Pod stays in ContainerCreating or MountVolume.Setup failed

This error means the pod was scheduled to a node but the volume mount failed. Follow these steps to isolate the cause.

  1. Check pod events for the specific failure:

    kubectl describe pod <pod-name> -n <your-namespace>

    In the Events section, look for Warning messages such as FailedMount or MountVolume.Setup failed.

  2. Confirm the PVC is bound. Pods can only mount successfully bound volumes.

    kubectl get pvc <your-pvc-name>

    The STATUS must be Bound.

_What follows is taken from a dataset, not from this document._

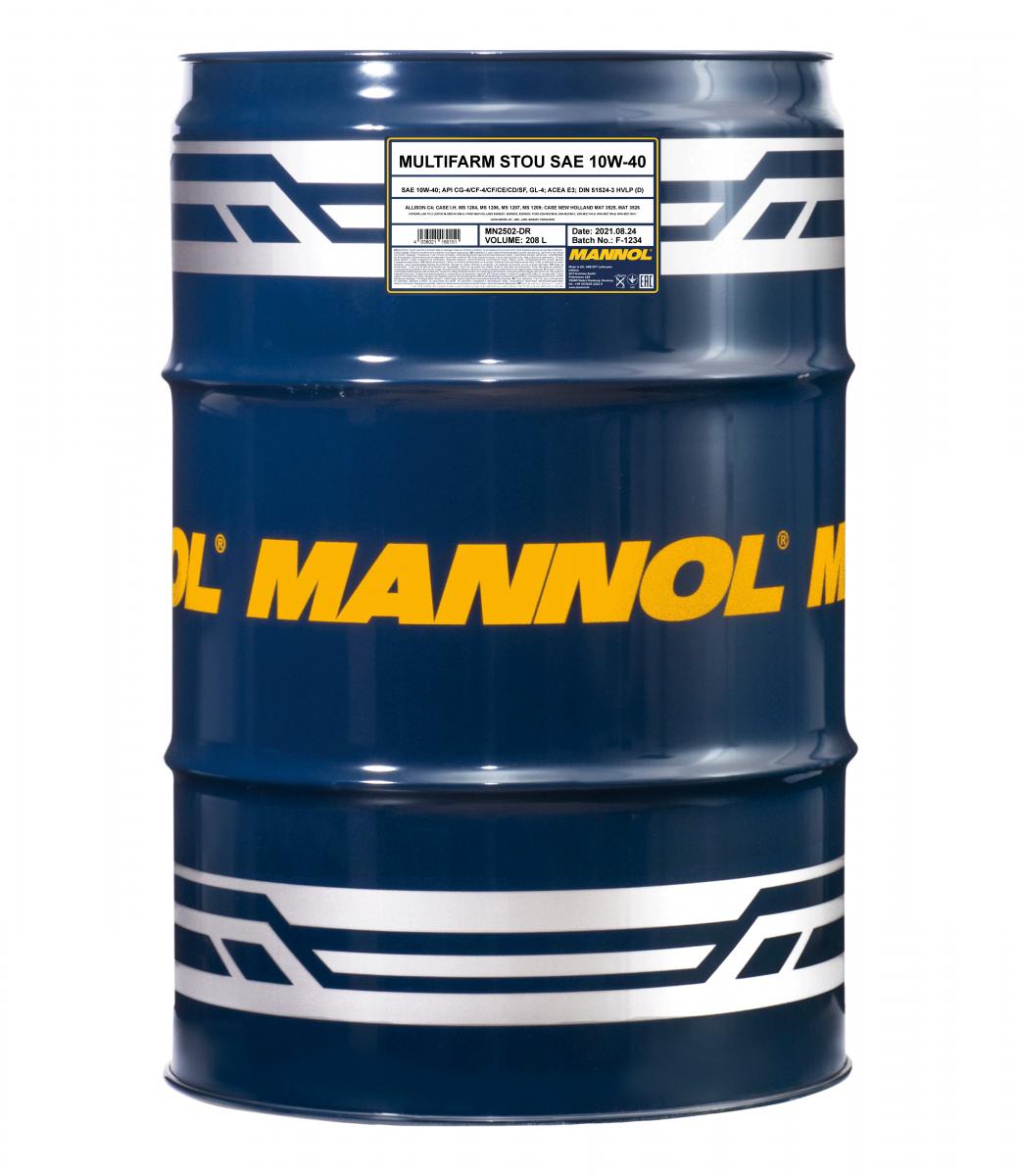 SCT - MANNOL Motoröl Mannol Multifarm STOU 10W-40 [208L] mn2502dr 208l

If it is Pending, see PVC stays in Pending status.

  3. If the PVC is bound, check the node-side CSI plugin logs for the lowest-level error:

    kubectl get pods -n kube-system -l app.kubernetes.io/name=bmcpfs-csi-driver \
      --field-selector spec.nodeName=<nodeName> \
      -o name | xargs kubectl logs -n kube-system -c csi-plugin

    These logs contain detailed error messages, including network connectivity issues, mount target permission errors, and underlying I/O errors.